Multi-agent Reinforcement Learning (MARL) problems often
require cooperation among agents in order to solve a task. Centralization
and decentralization are two approaches used for cooperation in MARL.
While fully decentralized methods are prone to converge to suboptimal
solutions due to partial observability and nonstationarity, the methods
involving centralization suffer from scalability limitations and lazy agent
problem. Centralized training decentralized execution paradigm brings out
the best of these two approaches; however, centralized training still has
an upper limit of scalability not only for acquired coordination performance
but also for model size and training time.
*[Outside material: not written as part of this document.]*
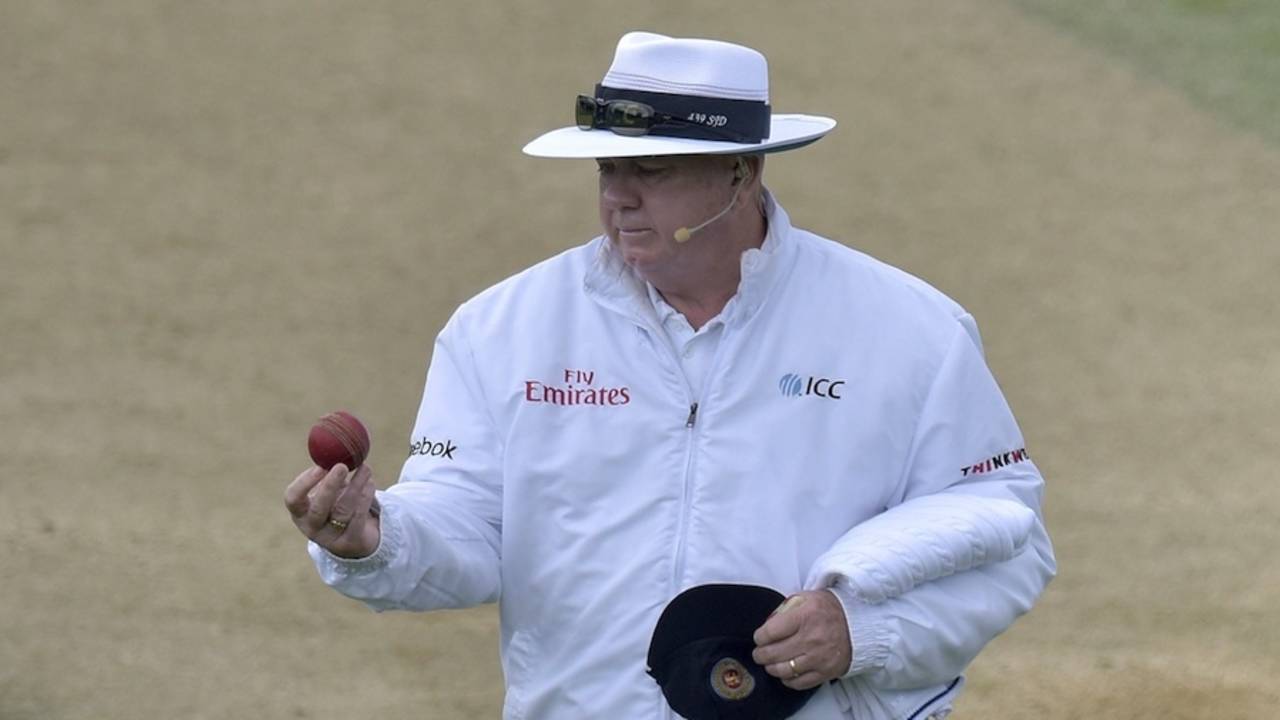 Umpire Steve Davis looks at the ball before changing it, New Zealand v Sri Lanka, 2nd Test, Wellington, 4th day, January 6, 2015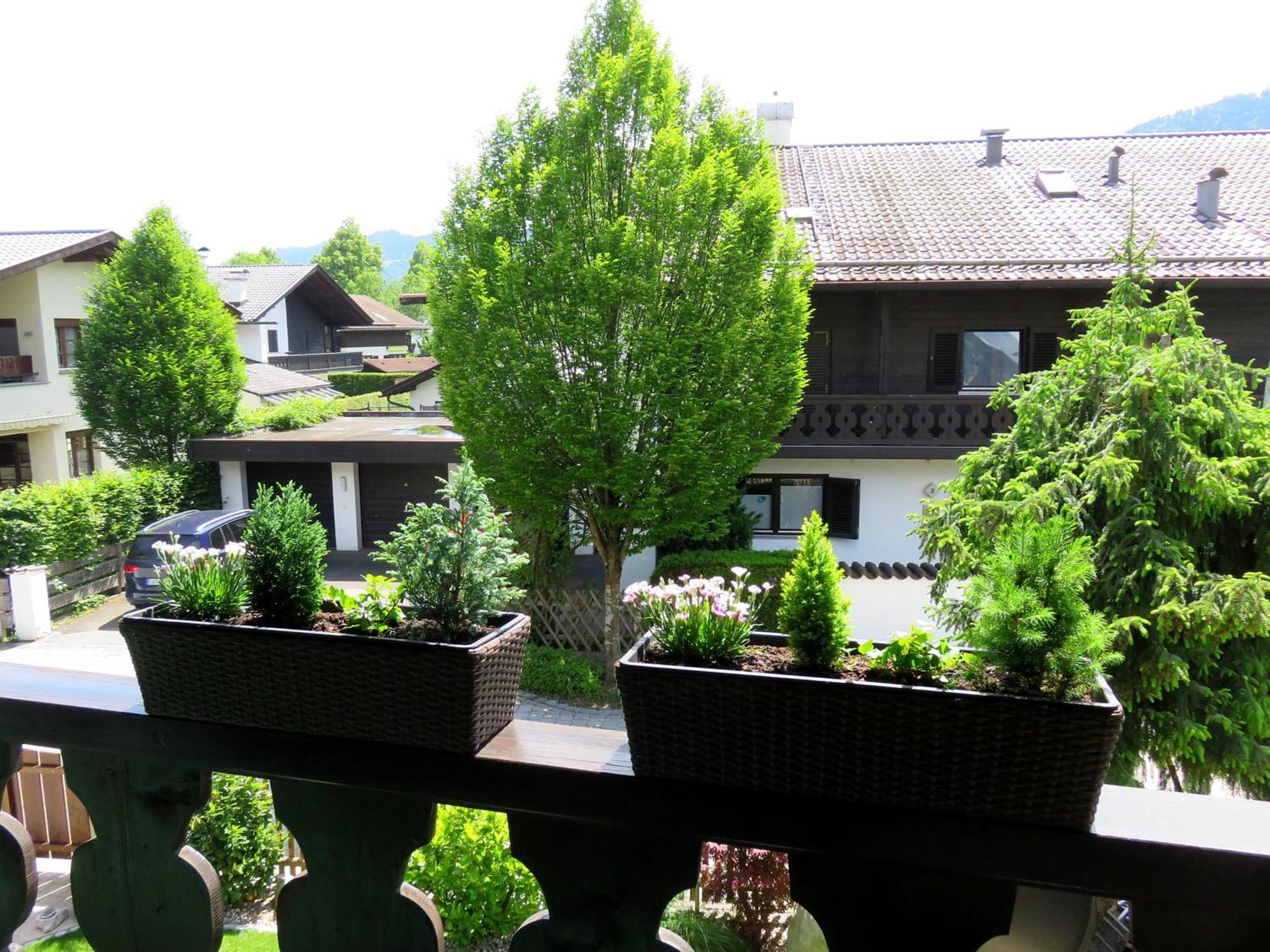 Ferienwohnung Ariane ガルミッシュ・パルテンキルヒェン エクステリア 写真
In this work, we adopt the
centralized training with decentralized execution paradigm and investigate
the generalization and transfer capacity of the trained models across variable
number of agents. This capacity is assessed by training variable number of
agents in a specific MARL problem and then performing greedy evaluations with
variable number of agents for each training configuration. Thus, we analyze
the evaluation performance for each combination of agent count for training
versus evaluation. We perform experimental evaluations on predator prey and
traffic junction environments and demonstrate that it is possible to obtain
similar or higher evaluation performance by training with less agents.
We conclude that optimal number of agents to perform training may differ
from the target number of agents and argue that transfer across large
number of agents can be a more efficient solution to scaling up than directly
increasing number of agents during training.

|
|